“Now isn’t the time, Zo.”
You sidestep him in the cramped galley, ignoring how the flesh of his arm burns you as it brushes against your shoulder. Tuning out the noisy chatter and clanking dishes, you worry your chapped bottom lip, darting to the door.
When the cool breeze kisses your face, you gulp it down with greed. The brine settles uncomfortably in your lungs, but you keep going, taking and taking and taking until you can’t anymore. It isn’t until you dry heave that the tears flow. They scald your cheeks in rivulets and drip down your chin, falling dejectedly onto the deck. The stars—shimmering pinpricks in the velvet night—offer you no comfort in their silence. But a sense of calm washes over you as you slow your breathing to match the lazy lap of the waves against the hull.
“The hell’s this all about?” Zoro demands to your back as he bursts outside, half-shouting.
In a melodramatic fantasy, you imagine jumping overboard. The murky sea floor would grant you a moment’s peace, surely… But you know Zoro would dive in to save you without hesitation—then proceed to give you even more grief than he already has.
“I just want to be left alone. Can you not be dense for—fuck, I don’t know!—five fucking seconds?” You don’t bother turning around to deliver your outburst, eyes fixed on the boundless horizon.
Your words are harsh, but they don’t rattle Zoro.
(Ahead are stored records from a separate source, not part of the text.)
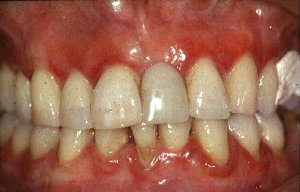 Simple Treatment Of Gum Disease!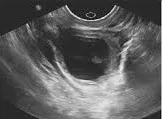 Extrauterine gestation sac ultrasound
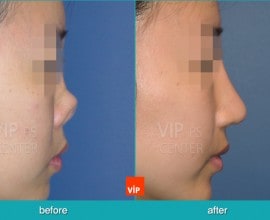 Nâng mũi bằng sụn sườn (Tái cấu trúc mũi)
What does concern him, however, is the syrupy thickness of your voice—the way it hitches and clumps as you speak. He’s beside you in three strides, coaxing you to face him with his warm, scarred palms, aching tenderness in his touch. You can’t meet his steel stare.
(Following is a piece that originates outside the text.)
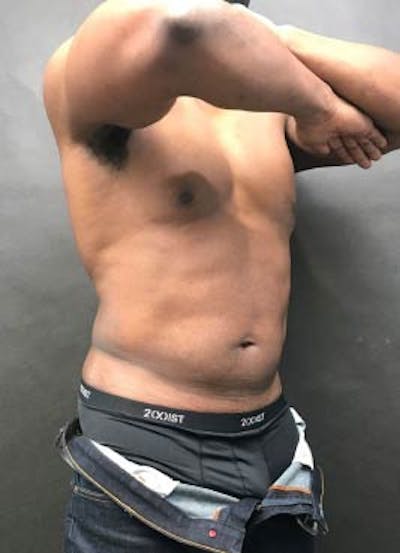 EmSculpt Neo Before & After Gallery - Patient 267149 - Image 1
“Hey, look at me,” he entreats, gravel voice wrapped in silk. A callused thumb nudges your chin upward, your watery gaze meeting his concerned frown. “What’s goin’ on? Whatever it is, it’s gonna be okay.”
Shaking your head before he finishes speaking, a fresh sob bubbles past your lips, wet and desperate. You collapse into his chest as his strong arms encircle your waist, anchoring your bodies together. You weep to the tune of his steady heartbeat and the slow rock of the tide. The heaviness in your spirit feels insurmountable—a tsunami that will surely drown you.
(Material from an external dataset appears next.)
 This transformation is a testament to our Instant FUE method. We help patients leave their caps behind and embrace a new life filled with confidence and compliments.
Zoro rests his chin atop your head. “I’m always here,” he murmurs into your hair. “As long as you want me to be.”
I do, you think to yourself. I want you to be. But you don’t have to say it. Because he can hear it in the way your nails bite deeper into his skin, the way your emotion dampens the fabric of his shirt; so he holds you now. And he will continue to do so for as long as you’ll have him.